* **EXERCISE INPUTS**:
_____
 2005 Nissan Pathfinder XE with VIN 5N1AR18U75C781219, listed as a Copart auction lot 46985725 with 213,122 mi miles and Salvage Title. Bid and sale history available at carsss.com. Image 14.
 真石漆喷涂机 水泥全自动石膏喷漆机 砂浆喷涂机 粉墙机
_____
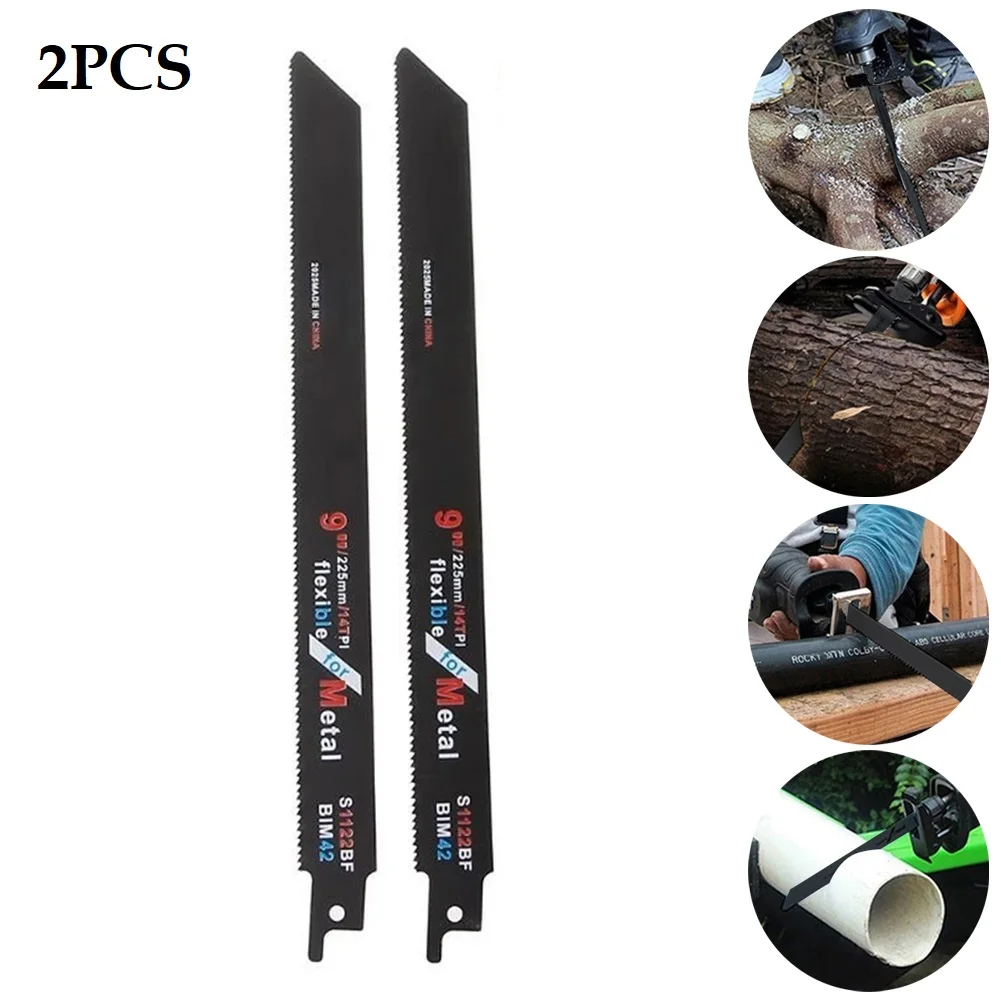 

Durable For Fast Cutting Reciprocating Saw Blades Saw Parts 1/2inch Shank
_____
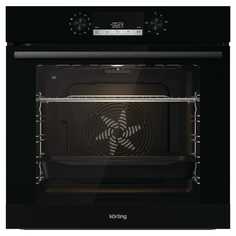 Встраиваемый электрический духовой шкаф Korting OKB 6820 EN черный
_____
* **WHAT YOU HAVE TO DO**:
Retype, in the same exact form, the lines of the material above from the line holding "2005 Nissan Pathfinder" through the line holding "真石漆喷涂机 水泥全自动石膏喷漆机 砂浆喷涂机 粉墙机".

* **TASK RESPONSE**:
 2005 Nissan Pathfinder XE with VIN 5N1AR18U75C781219, listed as a Copart auction lot 46985725 with 213,122 mi miles and Salvage Title. Bid and sale history available at carsss.com. Image 14.
 真石漆喷涂机 水泥全自动石膏喷漆机 砂浆喷涂机 粉墙机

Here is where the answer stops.